Since we had discussed some of the issues with the Bureau of Labor Statistics’s employment situation reports, I thought this report was worth mentioning. At the New York Post John Crudele reports about some fraud on the part of Census Bureau employees who take the surveys used by the BLS in their report:

Let’s look at the one case that set Butler [Ed.: a whistleblower working with Crudele] off — the cheating done by Buckmon, who is now deceased.

Buckmon would complete more than 100 cases in 10 days — more than three times his peers.

It turns out that Buckmon wasn’t actually surveying people. He was making up data and collecting overtime to account for the time it would have taken to get those interviews.

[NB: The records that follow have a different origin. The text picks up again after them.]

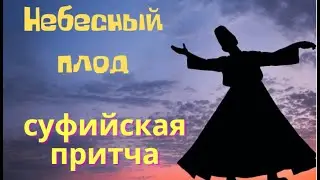 Небесный плод.  Суфийская притча.
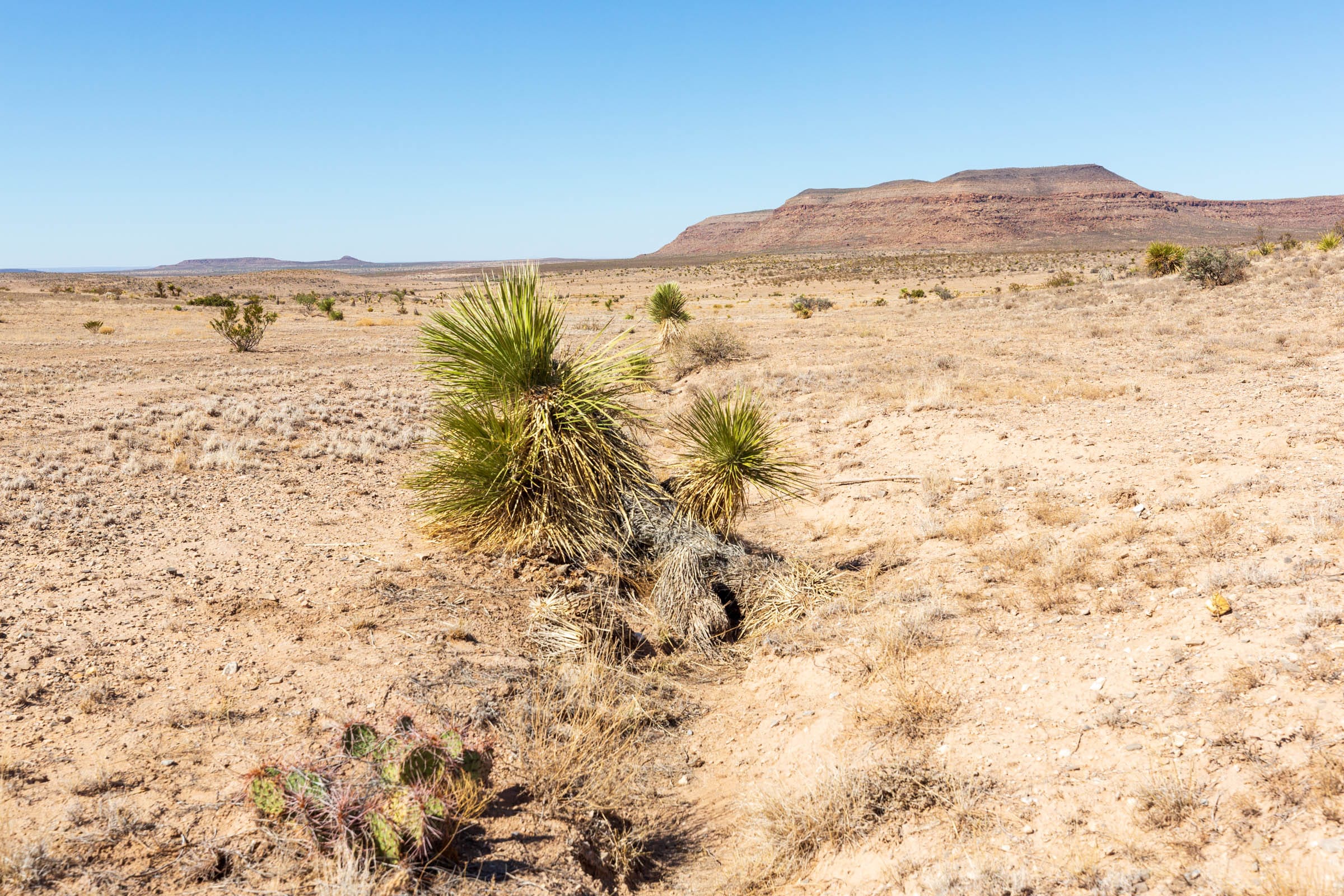 Sunrise Ranches Phase III Tract 117 photo 19
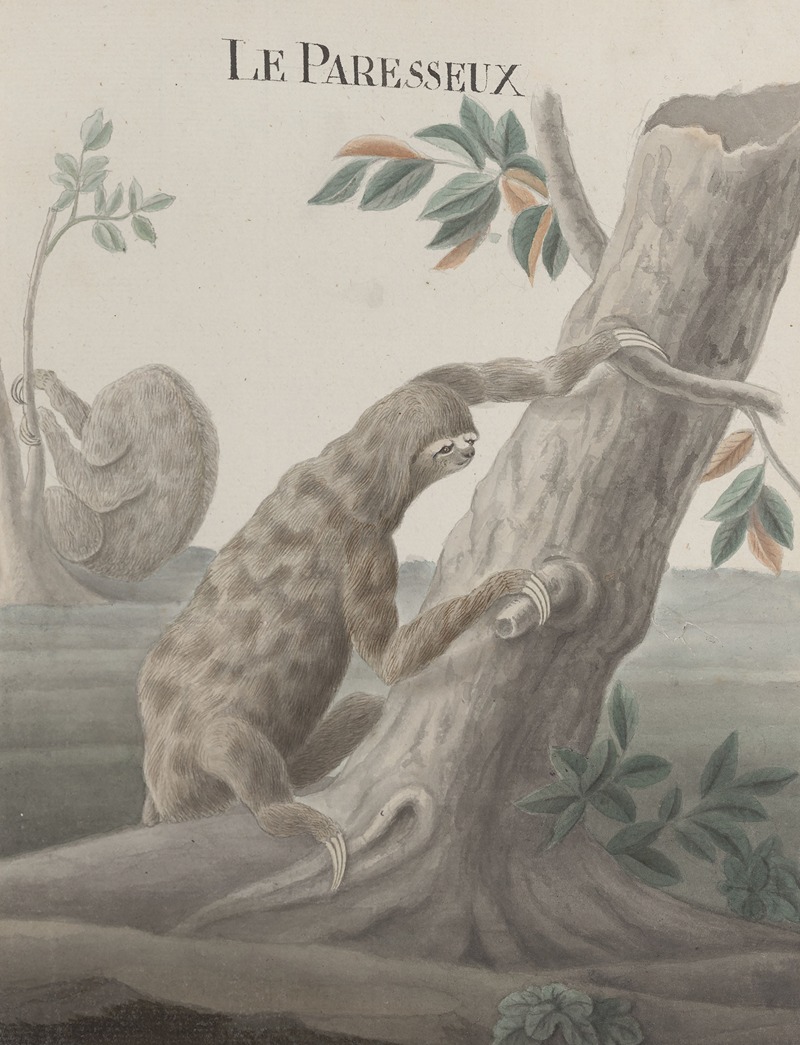 Natural history of Saint Domingue Pl.059 by René de Rabié, 1766 — digital art print download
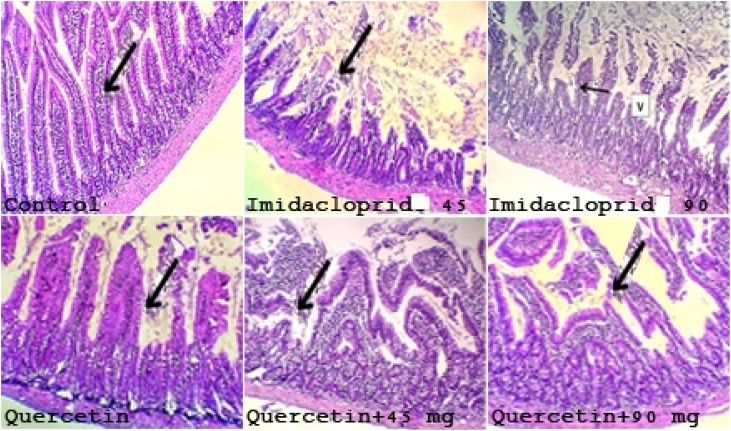 Fig. 9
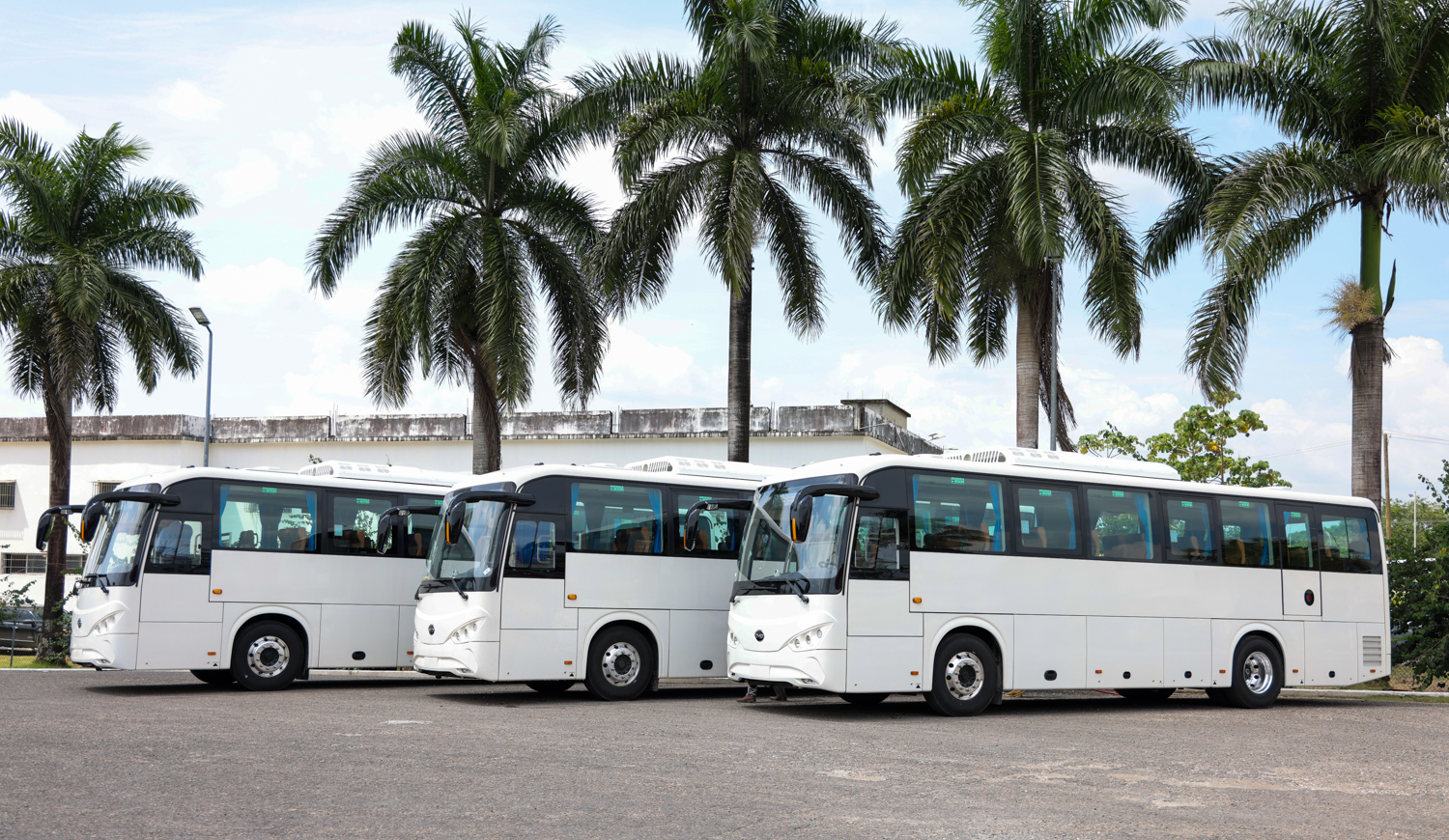 a bus parked in front of a palm tree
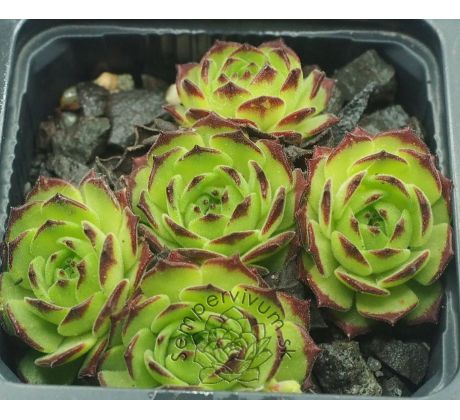 Sempervivum GREEN FELLOW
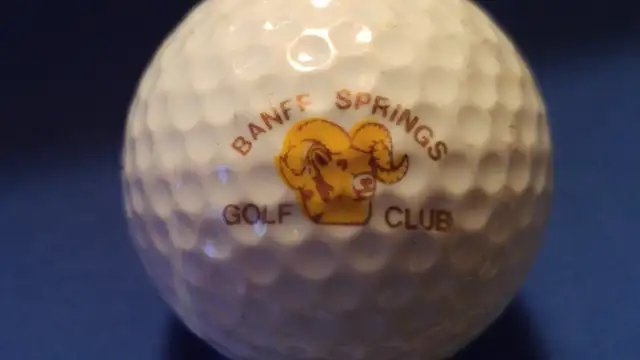 GOLF BALLS (VARIETY) 3 for $2 in Golf in Calgary - Image 10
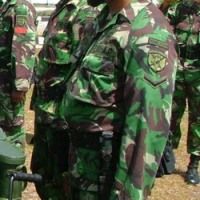 Menipu, TNI gadungan...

And this one man alone was cheating on such a large scale that it could affect the national jobless numbers since the bureau’s Current Population Survey is scientifically weighted and each response counts as 5,000 households.

So Buckmon’s 100 cases equaled 500,000 households — and he wasn’t the only one caught faking data, Butler said.

The individual BLS employment situation reports don’t stand alone. Each ESR is dependent on those taken before. One bad survey means that those after it are questionable, maybe by just a little bit, maybe by a lot—keep in mind that the actual changes that we have been seeing have been relatively small. Lots of surveys being fraudulent calls the entire report into question. And with a sample size of 100 for a population of 500,000 the margin of error is already greater than 5% with a confidence level of 95%, suggesting that the confidence level they’re going for is lower than that.

That the fraud introduced by that one individual wasn’t detected in a routine review of the data suggests to me that the entire process is lacking.